1. Coulomb’s Law and Electric Field — Fundamentals
• Acts between point charges; along the line joining them
• Coulomb constant k = 9 × 10⁹ N·m²/C² (= 1/4πε₀)
• ε₀ = 8.854 × 10⁻¹² C²/N·m² (permittivity of free space)
• In a medium with dielectric constant K: F = kq₁q₂/Kr²
• Electric field lines: start from +q, end at −q; never intersect; density ∝ field strength
• Coulomb’s Law: F = kq₁q₂/r² (in vacuum)
• Electric Field: E = F/q₀ = kQ/r² (due to point charge Q)
• Electric Field on axis of dipole: E = 2kp/r³
• Electric Field on equatorial plane of dipole: E = kp/r³
• Dipole moment: p = q × 2l (SI unit: C·m)
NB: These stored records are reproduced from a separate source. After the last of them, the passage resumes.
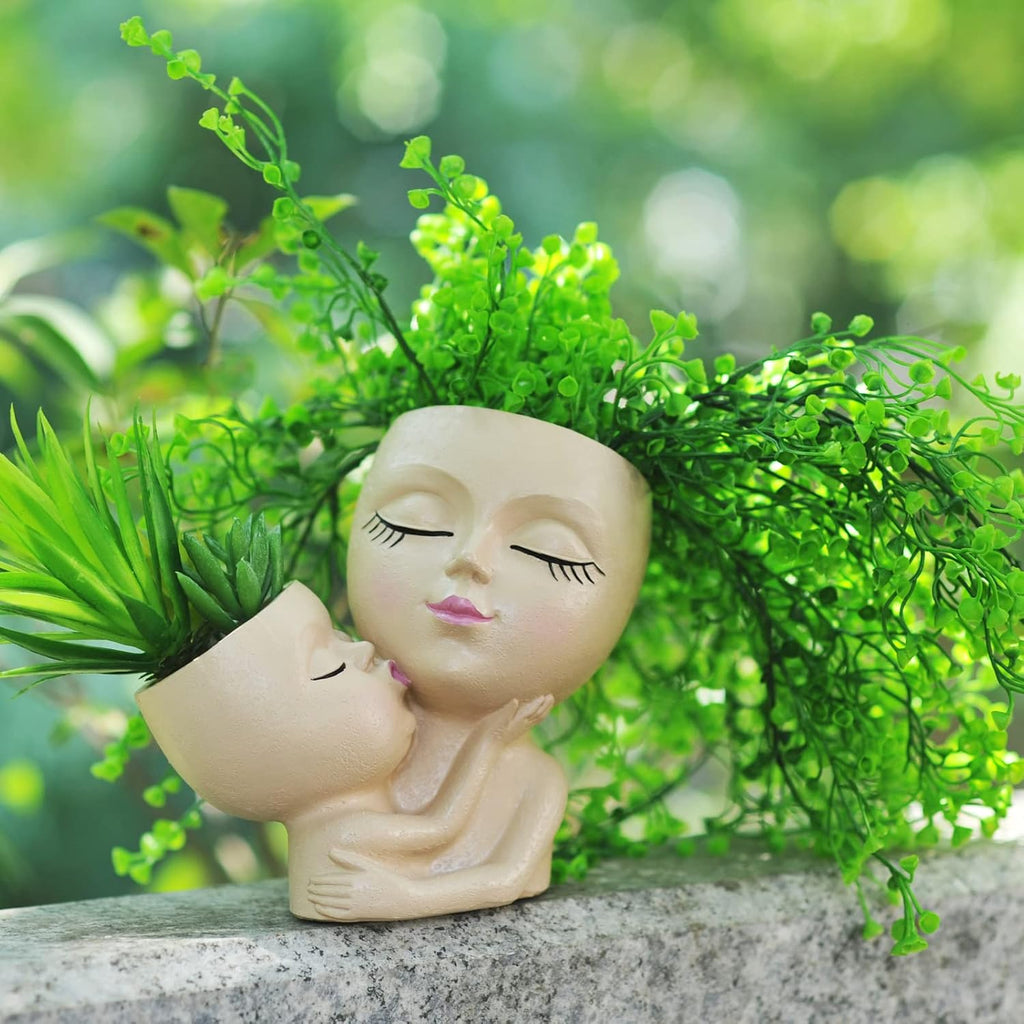 Head Planter Mother and Child Cute Face Planter Pots Head Resin Flower Pots for Indoor Plants with Drainage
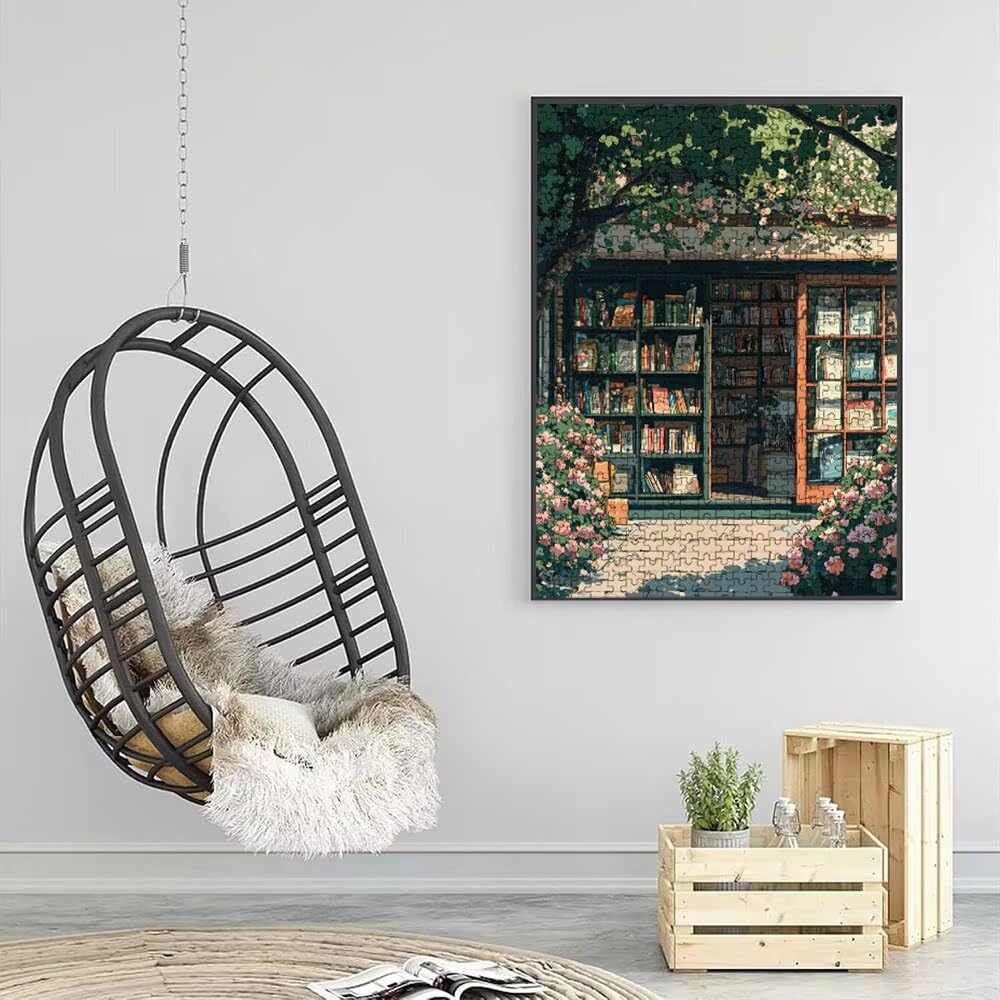 Buchladen Aussicht Puzzle 2000 Teile, Klassische Puzzles, Geschicklichkeitsspiel Puzzle für Erwachsene, Puzzlespiele für Die Ganze Familie, Mit Schöner Verpackung, Dekoration Puzzles DX0YL3-834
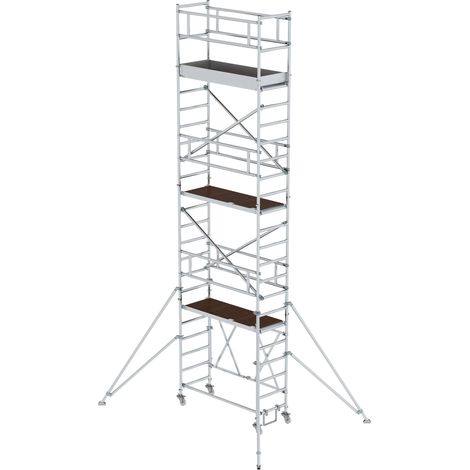 Günzburger Steigtechnik Echafaudage pliant 0,75 x 1,8 m avec stabilisateur Hauteur de plate-forme 5,8 m - 115159 (1/3)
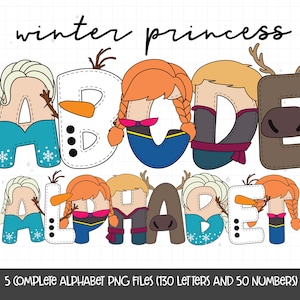Letras de Doodle de Princesa de Inverno, Sublimação PNG do Alfabeto de Princesa, Clipart de Boneco de Neve, Sublimação de Meninas, Sublimação de Inverno, Princesa PNG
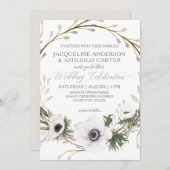 Modern Anemone Twig Fern Eucalyptus Wreath Wedding Kaart (Voorkant / Achterkant)
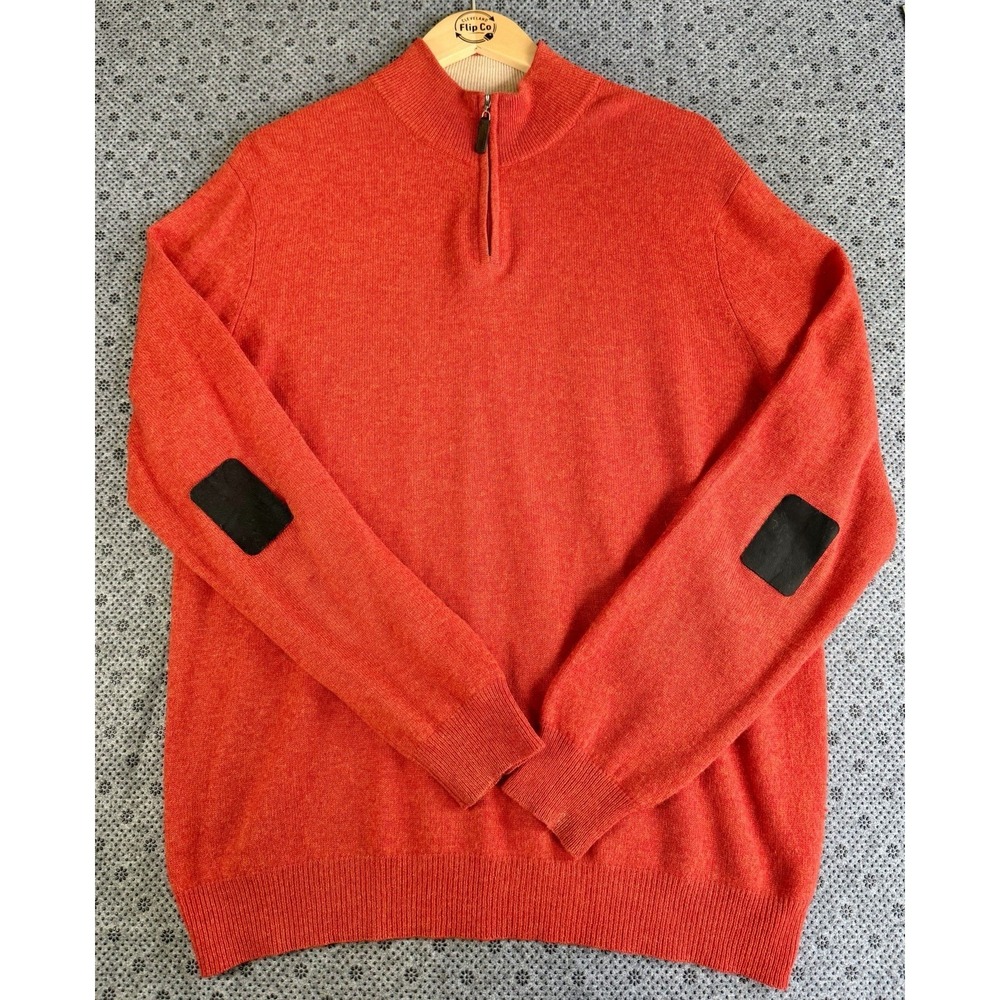 Club Room 2-Ply Cashmere Quarter Zip Sweater Pullover Orange Knit Mens Medium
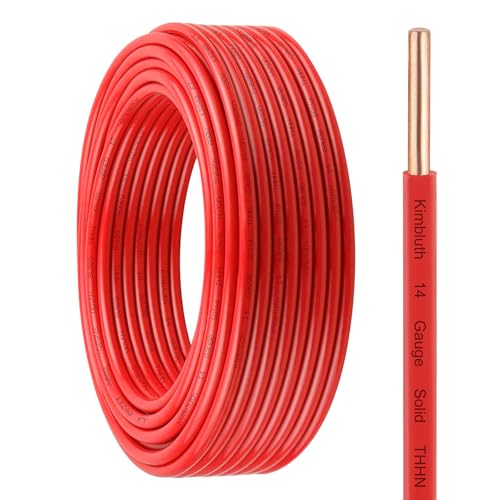 THHN Wire 14 Gauge 25 FT OFC Electrical Wire, 14 AWG Solid Copper Wire Rated up to 600V Building Wire Nylon Jacket for Residential, CNC, Ground, Industrial (14 Gauge, Red)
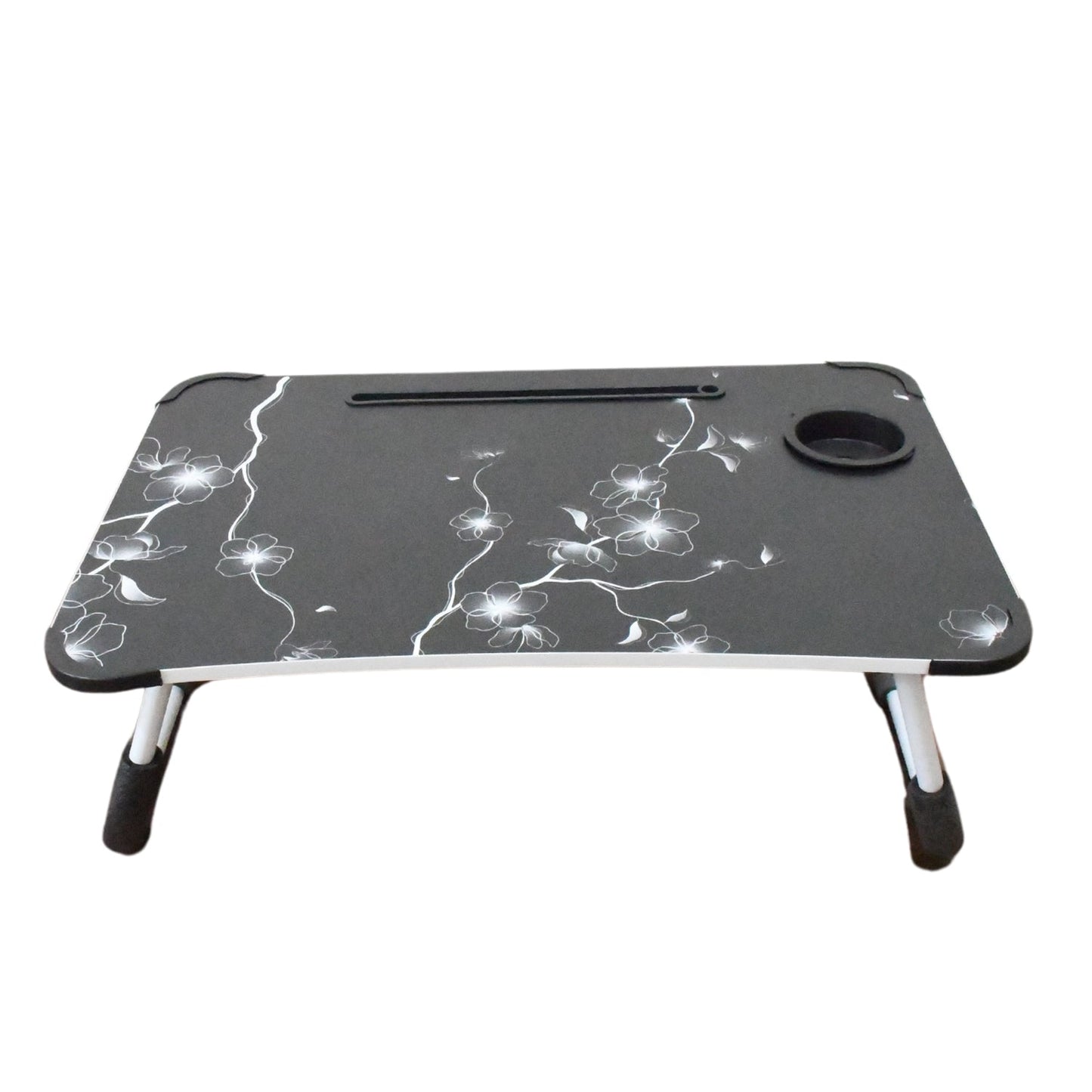 Laptop Table Foldable Portable Notebook Bed Lap Desk Tray Stand Reading Holder with Coffee Cup Slot for Breakfast, Reading & Movie Watching. - Springkart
2. Gauss’s Law, Electric Potential, and Capacitors
Gauss’s Law states that the total electric flux through any closed surface equals the enclosed charge divided by ε₀: Φ = Q_enclosed / ε₀. This law is particularly powerful for finding electric fields of symmetric charge distributions.
• Electric Potential: V = kQ/r (due to point charge Q)
• Potential difference: V_A − V_B = W_AB / q
• Relation: E = −dV/dr (E points from high V to low V)
• Equipotential surface: Work done = 0; field ⊥ to surface
• Capacitance: C = Q/V = ε₀A/d (parallel plate, air)
• With dielectric: C = Kε₀A/d
• Energy stored: U = ½CV² = Q²/2C = QV/2
• Capacitors in series: 1/C = 1/C₁ + 1/C₂
• Capacitors in parallel: C = C₁ + C₂
| Configuration | Electric Field E | Electric Potential V |
|---|---|---|
| Point charge Q at distance r | kQ/r² | kQ/r |
| Conducting sphere (outside, r>R) | kQ/r² | kQ/r |
| Conducting sphere (inside, r<R) | Zero | kQ/R (constant) |
| Infinite plane sheet (charge density σ) | σ/2ε₀ | Non-uniform |
| Between parallel plates (capacitor) | σ/ε₀ = V/d | V = Ed |
C = ε₀A/d (Capacitance = epsilon-zero × Area / distance)
Remember: Dielectric INCREASES C; increasing d DECREASES C; increasing A INCREASES C.
• Charge is quantized: q = ne (n = integer, e = 1.6 × 10⁻¹⁹ C)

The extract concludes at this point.